Washington Governor Christine O. Gregoire has signed into law a bill reversing the effects of Puget Sound National Bank v. Department of Revenue, 868 P.2d 127 (Washington 1994), the 16-year old seminal case that established the right of an assignee of a debt instrument to recover sales tax paid to the state when the debtor defaults.
The Washington State Legislature passed the bill, Second Engrossed Substitute Senate Bill 6143, on April 19, 2010, which was signed by the Governor April 23, 2010. It amends RCW 82.08.037 and 82.12.037 to provide that, for sales tax purposes, a “bad debt” does not include “debts sold or assigned by the seller to third parties, where the third-party is without recourse against the seller.” The bill does provide that an original seller may seek a refund of the tax after a debt instrument has been reassigned to it by the third-party lender.

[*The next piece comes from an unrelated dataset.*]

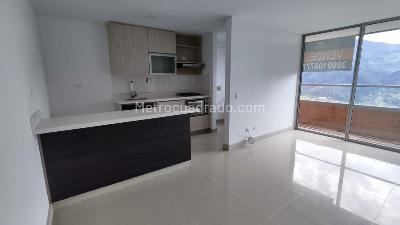 Apartamento de 3 alcobas en venta en Aves Maria, Sabaneta, 75 m² · foto 4 de 20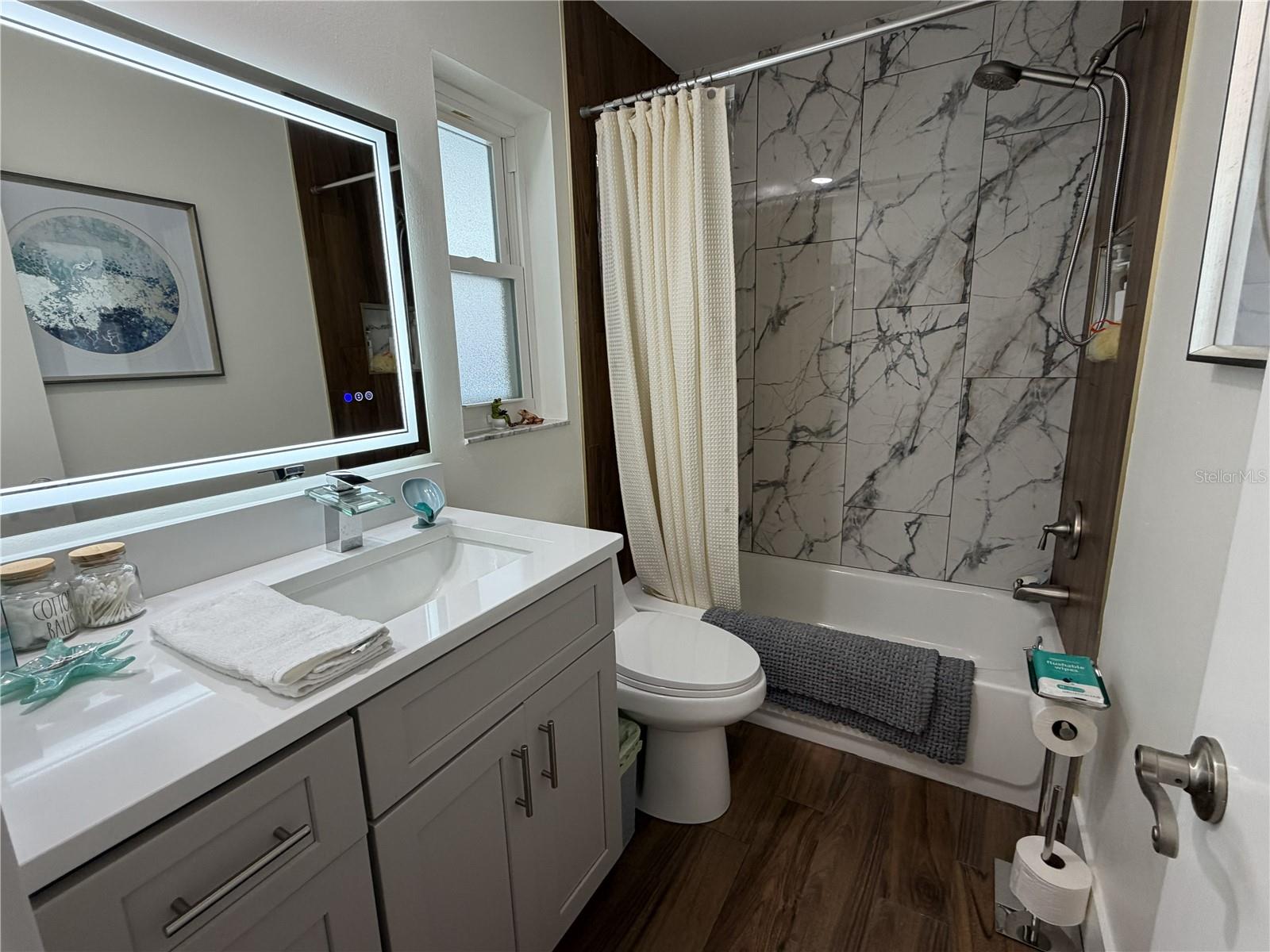 Image 23 of 34 For 1501 Avalon Boulevard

The change is effective for refunds or credits filed with the Department of Revenue after June 30, 2010. By limiting sales tax bad debt recovery to sellers only, the state expects to gain $1.7 million in new revenue in the 2011 fiscal year.
The Washington Supreme Court’s 1994 decision in the Puget Sound National Bank v. Department of Revenue (“Puget Sound”) case laid the legal groundwork for a nationwide effort to establish the right to a bad debt refund of taxes paid on credit transactions where the original seller had assigned the receivable to a third-party lender.
The case involved a Washington bank that purchased automobile loan contracts on a nonrecourse basis from local auto dealers. Under Washington law, the full amount of sales tax on the purchase price of an automobile became due at the time of the sale (Wash. Adm. Code § 458-20-198). When purchasing the sales contracts, the bank paid each dealer the balance due on the sale and the applicable uncollected portion of the state sales tax. In return, the dealer assigned to the bank all of the rights in the installment contract. When buyers subsequently defaulted on their payments, the bank repossessed the cars, sold them at a loss, and wrote the losses off as worthless debts for federal tax purposes. The bank then sought a refund for the sales tax under RCW 82.08.037, which limited the refund to a person “making a sale at retail” who had paid the sales tax on debts that were deductible as worthless for federal income tax purposes.
Although the bank was not the entity that made the sale at retail, the Washington Supreme Court reasoned that the dealerships’ assignments of the installment contracts to the bank put the bank “in the shoes” of the dealerships and ruled that the bank was thus itself entitled to the refund. It found no statutory or public policy prohibition against the assignment of a sales tax refund.